Since the last Accelerator Report, the hardware tests and subsequent cold check-out were successfully completed, both ahead of schedule. Once the usual remaining wrinkles were ironed out, everything was ready to start the 2024 LHC beam commissioning. The single bunch low intensity probe beam, meticulously prepared in the injector chain in the past weeks, came knocking at the LHC's door.
Many of the LHC engineers in charge and system experts gathered in the CERN Control Centre (CCC) on 8 March, alongside members of the Management, to witness the process, eagerly waiting for the first beams to circulate again in the LHC.
The LHC Operations team started the injection and threading process for beam 2 (circulating counter clockwise): they injected the beam at LHC Point 8, just in front of the LHCb experiment, and let it circulate up to Point 7, where a set of collimators was fully closed to intercept it. The measurements performed by the beam position monitors indicated that the beam trajectory could be improved. This was quickly done using an automated beam steering tool that powers corrector magnets to smoothen the trajectories of the particles.

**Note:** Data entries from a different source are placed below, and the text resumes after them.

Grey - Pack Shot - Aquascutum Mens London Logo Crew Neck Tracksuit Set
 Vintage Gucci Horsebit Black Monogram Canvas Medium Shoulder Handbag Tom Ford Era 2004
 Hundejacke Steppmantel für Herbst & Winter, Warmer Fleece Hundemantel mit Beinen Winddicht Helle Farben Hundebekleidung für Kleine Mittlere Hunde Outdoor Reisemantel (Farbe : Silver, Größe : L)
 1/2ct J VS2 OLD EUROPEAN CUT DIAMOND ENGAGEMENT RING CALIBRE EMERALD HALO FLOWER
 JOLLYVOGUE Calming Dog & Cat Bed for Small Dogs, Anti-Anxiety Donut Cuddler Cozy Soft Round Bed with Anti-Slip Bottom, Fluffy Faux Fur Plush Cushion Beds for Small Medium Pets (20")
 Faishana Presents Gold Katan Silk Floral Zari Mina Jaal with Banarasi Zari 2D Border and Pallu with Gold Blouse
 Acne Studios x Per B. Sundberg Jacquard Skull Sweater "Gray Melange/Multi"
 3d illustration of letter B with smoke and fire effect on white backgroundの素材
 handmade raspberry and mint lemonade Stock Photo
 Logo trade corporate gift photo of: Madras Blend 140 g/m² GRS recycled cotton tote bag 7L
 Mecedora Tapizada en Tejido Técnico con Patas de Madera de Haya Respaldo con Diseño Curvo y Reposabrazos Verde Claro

Confident in this correction, the Operations team opened up the collimators at Point 7 and closed the ones further along the ring at Point 6, before injecting the beam again. This process was repeated until the last collimators, at Point 1 (ATLAS experiment), were opened, leaving the way clear for the beam to make a second, third, fourth… and millionth turn.
Another small correction to adjust the orbit of the circulating particles was made before attention switched to beam 1, which ended up circulating in the machine less than 20 minutes after beam 2 and was welcomed by many happy faces in the CCC. The next step - accelerating both beams up to 6.8 TeV - was also accomplished during the weekend. Witnessing both beams in circulation is something of a relief for everyone involved, although the real beam commissioning work starts at that point.
For the 2024 run, it was decided to modify the optics of the accelerator and to replace them by reverse polarity optics (RP-optics). The objective is to mitigate the radiation suffered by some of the magnets of the inner triplet region on both sides of the ATLAS experiment. The inner triplet is a set of quadrupole magnets that focus the beam to very small dimensions at the centre of the experiments.
Some of the collision debris - particles produced by the collisions and travelling parallel to the beams, outside the experiment - is intercepted by the magnets in the inner triplet regions, inducing radiation damage to their insulation. With different optics, the debris is deposited in other places in these magnets, so that the burden of the radiation damage is distributed more widely. This helps to extend the magnets' lifetimes, even with an increased number of collisions.
The commissioning and validation of the RP-optics are among the many beam commissioning steps that have to be taken in the coming weeks before beams enter into collision at 6.8 TeV, hopefully on 8 April. Depending on how work progresses, this milestone may shift forwards or backwards by a few days.